If you can’t commit to even an honest appraisal of yourself, then ask yourself what you are committing to instead: because each moment in your life is a choice to live in one manner or another. Do you want to see the future burn? The forests stripped? Plants full of Monsanto? Pollutants filling the streets?
Denial, too, is a choice, and a choice with dire consequences. It starts with yourself. Look inward and ask yourself honestly whether you have accepted or refused to accept your own role in this.
As for the argument, “my choices don’t matter,” well again: picture if we all thought that. Would life still be worth living, if even six of seven billion people completely refused to make a single change in their life that doesn’t mesh with the status quo? I refuse to believe that, even in our desensitized industrial age, the human spirit can be crushed into so robotic a state.
In this blog, I’m going to cover the lifestyle changes that I, an ordinary person (who, by the way, isn’t particularly strong and has too sensitive of a constitution and too meager a budget to survive on vegan fare), will make and have made, on behalf of the climate movement. Because I’m an environmental activist, I have, over the course of my life and especially in recent years, already made a number of changes to my lifestyle, some big, some small. These changes, to my more passionate peers, probably seem not enough. But, they’re still more than before. And, more importantly, they’re doable – for anyone.
I’ll cover the struggles I’ve encountered, what’s easy and what isn’t, pro tips and pitfalls, and anything helpful regarding either my thinking or implementation of strategies to reduce my individual carbon footprint, and, if I’m lucky, how to expand that knowledge to others.
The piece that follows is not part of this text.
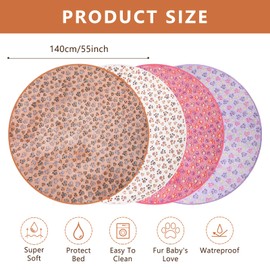 Clysee 4 Pack Washable Whelping Pad Whelping Supplies Absorbent Reusable Puppy Training Pads Reusable Dog Mat for Floor Non Slip Washable Pee Mat for Dogs(Bright Color,55 Inch)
I’ve had the special privilege of being able to spend time in my life looking through books, websites, Reddit forums, and my own personal experience, sifting through information to find what’s worthwhile to the average person. Sometimes, I imagine, I’ll just shoot the shit on what it’s like to be a young, urban millennial hovering on the verge of extinction. Whatever I say on here, it’s personal, it’s random, it tries and it might fail, and that’s because I don’t want to filter it a bit. I’m not here to make your eco-friendly choices Instagrammable, or my writing a perfection. I struggle only to convey what is useful. We want change and we want it now; we want change and we want it accessible.
Let me make a few disclaimers. I live in New England, but I like to travel; so, while this blog may start north of Boston in the suburb-like college town of Somerville, Massachusetts, I don’t know where it will end. The journey, anyhow, didn’t start here; location, I feel, does not matter, so much as your own concerted effort, wherever you are.
If you like this blog, if you have comments to make it better, let me know. And spread the word: the more the merrier.
I hope my insights will at least inspire you in your own journey to become a conscientious citizen of our planet – a planet that will, I hope, remain green and blue and full of life for generations to come.